До нас дошла весть, что при посадке Жиль угодил в полосу заструг. Самолет запрыгал по гребням, и хвостовое рулевое перо получило повреждения. Как писал сам Жиль:
Пострадал не столько самолет, сколько я сам. Я пролежал без сна целую ночь. С моего первого полета, когда мне было всего шестнадцать, я не поцарапал ни одной машины. Налетав 4000 часов за семь сезонов в Антарктике (я не говорю тут о полетах в других частях света), я допустил промашку именно здесь. Будь обстоятельства несколько иными, например, если бы я шел с грузом, весь хвост, наверное, полетел бы к чертям. Да, я действительно почти не спал в ту ночь.
Джерри устранил повреждение; в тот же вечер они вернулись на базу у 80°. Экипаж «Оттера» и Анто сидели теперь на 80-й параллели, и я сознавал, что мы обязаны достичь 85-го градуса, прежде чем просить вылета самолета. Однако в первых числах декабря нас накрыла такая погода, что хуже не придумаешь даже здесь в Антарктиде. Крепления лыж и пружины отчаянно щелкали и гнулись. У Олли кончились некоторые запчасти, и ему пришлось импровизировать. Кое-где «канавы» с твердыми как железо гребнями были уже ширины «скиду»; мы то и дело хватались за ледорубы и перетягивали машины вручную, как это было на паковом льду в Арктике. Наша «езда» напоминала передвижение ползком.
С перерывами в один-два километра угрожающие поля с застругами тянулись почти 500 километров, иногда они были просто непроходимы — сомкнутые ряды волн, нагромождение ледяного хлама. Все чаще и чаще нас накрывало «молоко». Чтобы преодолеть даже невысокие заструги, нужно было хоть что-нибудь видеть, и мы, чтобы не искать приключений на свою задницу, всегда останавливались до прояснения погоды. Однажды, столкнувшись с застругой средней величины, я почувствовал что-то неладное и вскоре обнаружил, что один из ящиков на нартах провалился сквозь дыру в стальной сетке платформы. Отлетело много стоек, местами их не было вовсе. Я затянул дыру, пристегнул стропами болтающийся ящик и поехал дальше.
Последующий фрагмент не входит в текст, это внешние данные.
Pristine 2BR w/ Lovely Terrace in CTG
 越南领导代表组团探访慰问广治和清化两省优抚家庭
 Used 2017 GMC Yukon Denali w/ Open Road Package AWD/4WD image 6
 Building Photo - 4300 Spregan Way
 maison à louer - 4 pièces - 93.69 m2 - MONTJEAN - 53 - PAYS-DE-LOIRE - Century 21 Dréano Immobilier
Главный недостаток наших стальных нарт — жесткость; они не «играют», когда едешь по неровному льду. Однако, хотя многие крепежные трубки на них исчезли, а длинные 3,6-метровые полозья все же гнутся, сообразуясь с поверхностью льда, нарты еще могут продолжать путешествие до тех пор, пока вертикальные стойки соединяют полозья с платформой.
А вот мои вторые нарты (модификация эскимосской конструкции) были изготовлены из дерева гикори и дуба. 4 декабря, когда я преодолевал очень неровный лед, одно из дубовых полозьев раскололось вдоль, на нем образовалась продольная трещина шириной 10 см. Пришлось бросить эти нарты вместе с грузом. Мы лишь разделили между собой жестянки с горючим, но оставили в поле трап для преодоления трещин, обогреватель для палатки и прочее не столь важное снаряжение.
Жизнь превратилась в непрекращающуюся ни на минуту борьбу с чудовищными застругами. Полюс казался недостижимой целью. Пришлось забыть обо всем и думать только о том, что было у нас под носом. Моя зубная боль мучила меня постоянно, превратившись в нечто гораздо большее, чем неудобство.
Пружина, подрессоривающая переднюю лыжу на «скиду» Чарли, сломалась, а у Олли не нашлось запасной. С помощью изоленты и проволоки он умудрился сделать нечто заменяющее, но оно смогло выдержать всего несколько часов. Не доезжая примерно 50 километров до широты 85°, лыжина вообще отказалась работать, и мы стали искать место для взлетно-посадочной полосы.
После суточных лихорадочных поисков нашлась свободная от заструг узкая заснеженная полоса, достаточно длинная для пробега самолета. Правда, пришлось поработать ледорубами. Затем мы разбили лагерь. Было 5 декабря.